Left to right: In the Days of a Popular Song (Book/Shinchosha, 2004), Everlasting Songs of the Human World: Yu Aku lyric collection (5-CD set/Victor Entertainment, 2005; includes Yamato Theme and From Yamato With Love), Witness of the Times: Hit Maker Yu Aku (Book/Yomiuri Shimbun, 2005)

It can be said that our period of history is starving for romance. To put it more dramatically, this is a sad time in which the people forget to breathe. But perhaps we don’t have to be disappointed. For it was the young people who, realizing their hunger for love, set Space Battleship Yamato out on a journey again. I believe in the seed of romance that grew in my heart, borrowing the form of Space Battleship Yamato. (1978)

Left to right: The art of the Plot (Book/LongSellers, 2006), Yu Aku: A Life of Poetry (Memoir/Kodansha, 2007), History of Our Times: The Popular Postwar Songs of Yu Aku (Memoir/Oak Shoten, 2007)

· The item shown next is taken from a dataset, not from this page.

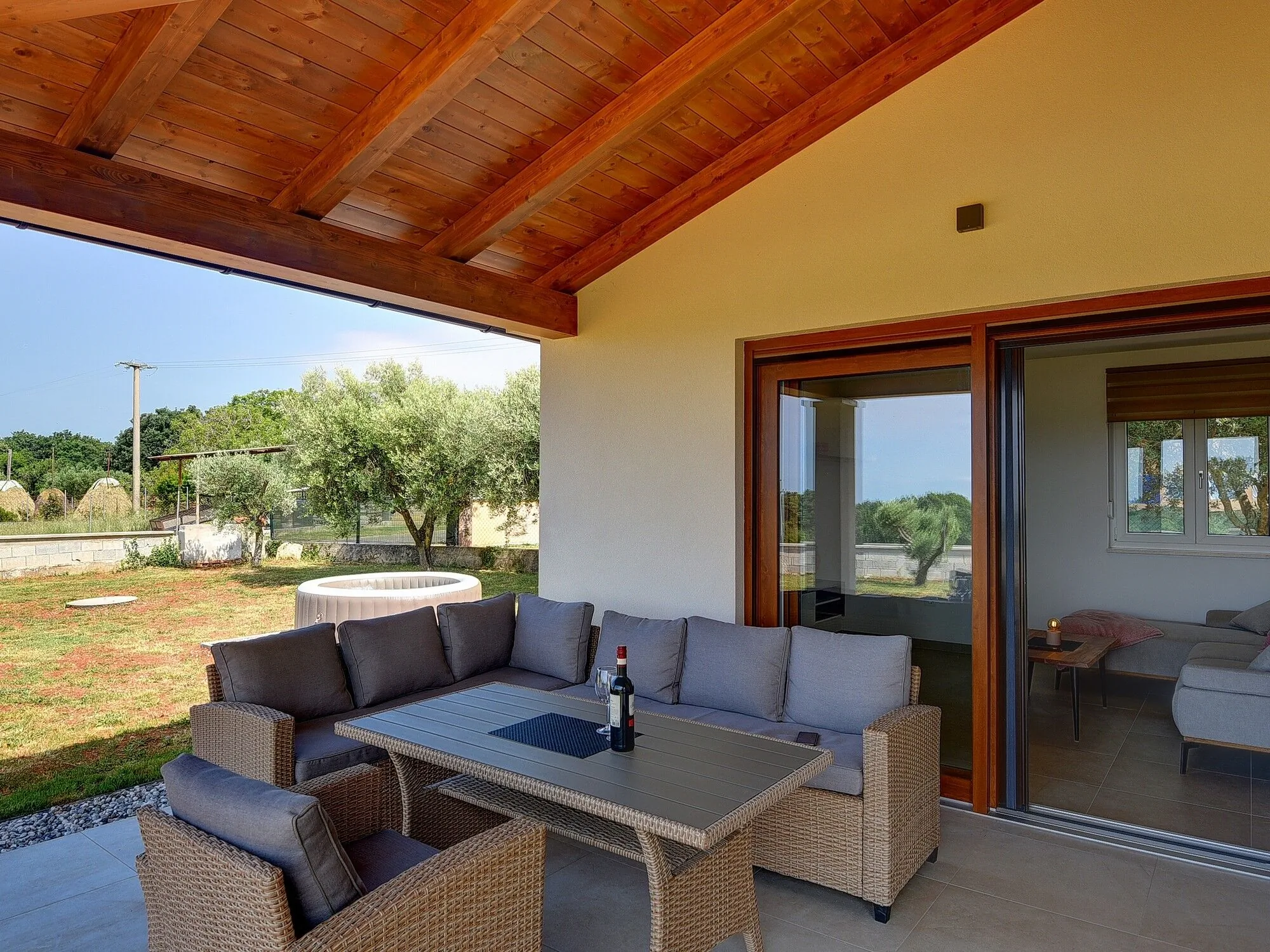 Holiday Home With Hot Tub Valtura, Pula - 22784 Valtura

From the first voyage of Space Battleship Yamato (which was not exactly wrapped in waves of applause) to the latest work, I have participated in the long voyage as a lyricist. The lyrics and melodies have continued the journey of some million light years. I wonder how many of them will become bright stars and how many will crumble to dust.

Though the stage has become more magnificent, the story has become more eternal, and the action has become more infinite, I have kept writing poetry to make the original point, which should never be lost among these other things.

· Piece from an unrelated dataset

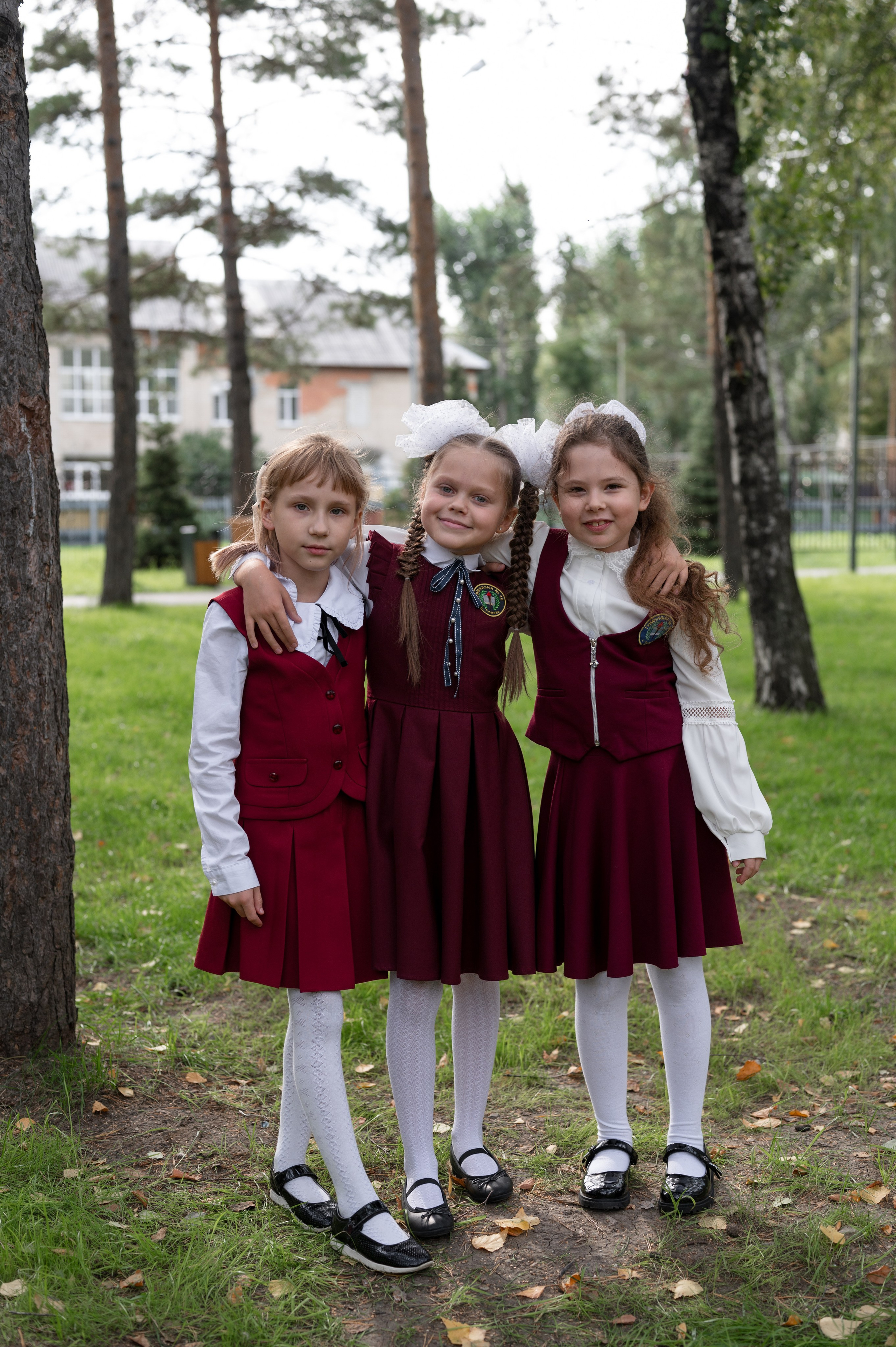 1 сентября 16 гимназия 2 класс (линейка + в классе+ на улице). Фотограф новорожденных, семейный детский в Тюмени Татьяна Морозова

Is Space Battleship Yamato a story of the future? Is it a space story?

Even though it appears to be, as long as it excites people in the present day, then it is a story about the modern world. Perhaps I want to prove that I, a minute particle, can rise above the gravity of Earth. This time, I wanted to write about how the love of all us minute particles provides links in a chain that flows through space to build the entire universe. (1980)

Left: In the Days of a Popular Song (Memoir/Shinchosa, 2007). Right: The Words That Do Not Fade from Your Lips: Yu Aku lyrics collection, 1978 (2-CD set/Victor Entertainment, 2007)

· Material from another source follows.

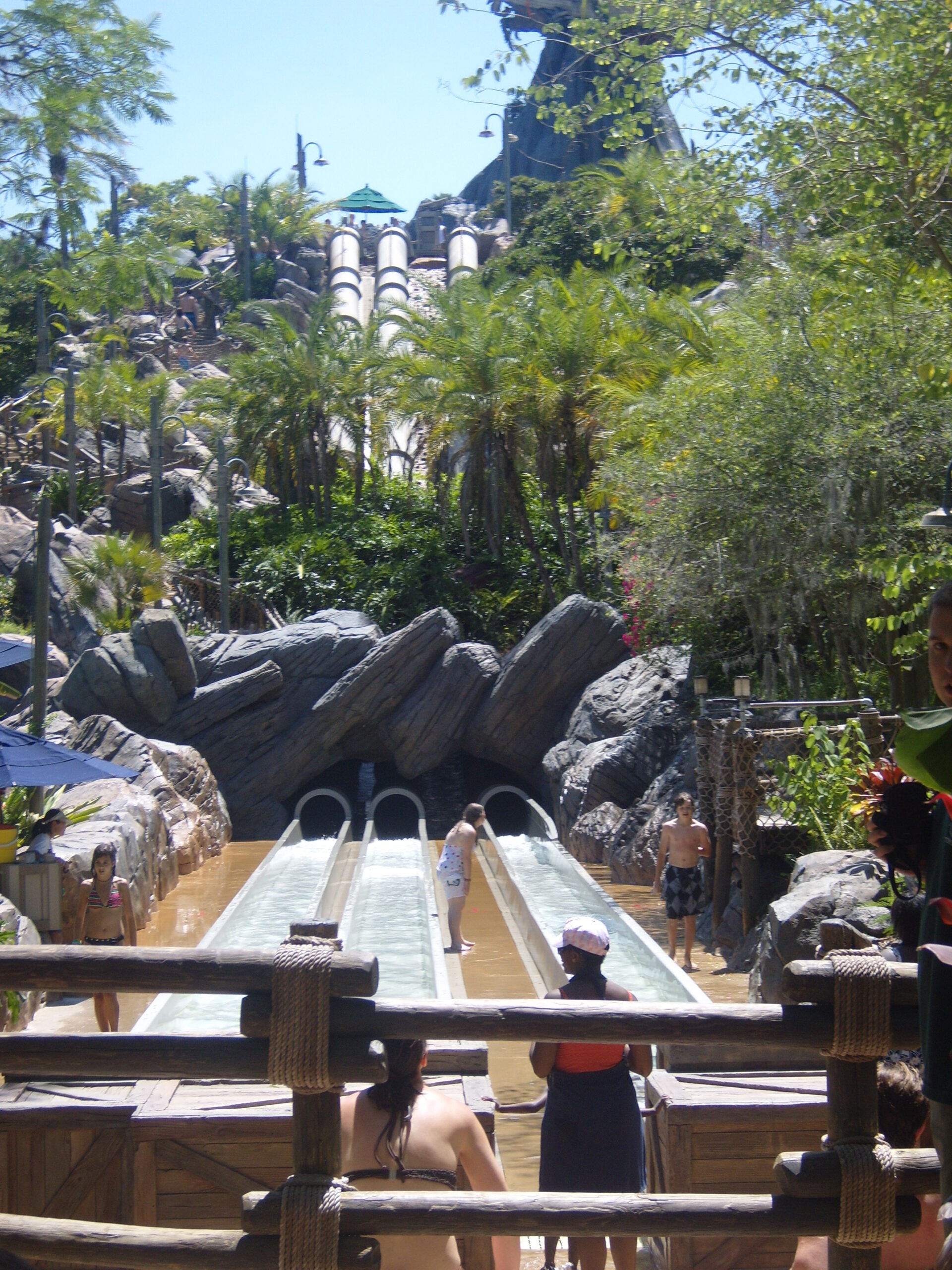 Os toboáguas Humunga Kowabunga, com descida quase vertical, no Typhoon Lagoon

The ten years in which I was involved in the production of Yamato were filled with my respect for the producer. Learning about the miracle of applause generated by peoples’ passions is deeply meaningful to me. (1983)

2 thoughts on “The Giants of Yamato Music

  1. I’m a big fan of Haneken, almost every one of his scores are hummable and unforgettable. This is sadly the most comprehensive link with information on him in the English net, he’s not so well known outside of Japan. Great stuff to read through. Thanks again, and long live Yamato!